Julian Echave
The mutenm package builds Elastic Network Models (ENMs) of proteins
and simulates mutation effects using linear response theory.
# install.packages("devtools")
devtools::install_github("jechave/mutenm")An Elastic Network Model represents a protein as a network of nodes (typically Cα atoms) connected by harmonic springs. The model captures the protein’s intrinsic flexibility through normal mode analysis.
Mutations are modeled as perturbations to the equilibrium lengths of springs connected to the mutated site.
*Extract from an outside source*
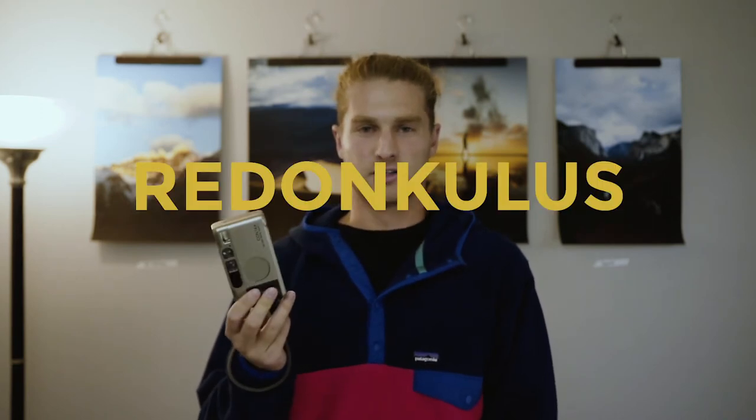I got it off Facebook Marketplace for really cheap. I know the price of these cameras has gone up an extreme amount, but I actually got it for a pretty good price that didn't break the bank. Ever since one of the Jenner people took this on Fallon — I don't know which one it was, but it was one of them — you can't find it for under a thousand dollars anymore, which is, in my words, redonkulous.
The structural response is calculated using linear response theory:
δr = C × f
where C is the covariance matrix and f is the force from edge
perturbations.
| Function | Description |
|---|---|
enm() |
Build an ENM from a PDB structure |
mutenm() |
Simulate a mutation at a specific site |
mrs() |
Mutation Response Scanning — scan all sites |
plot_mrs() |
Visualize MRS results |
library(mutenm)pdb <- bio3d::read.pdb(system.file("extdata", "2acy.pdb", package = "mutenm"))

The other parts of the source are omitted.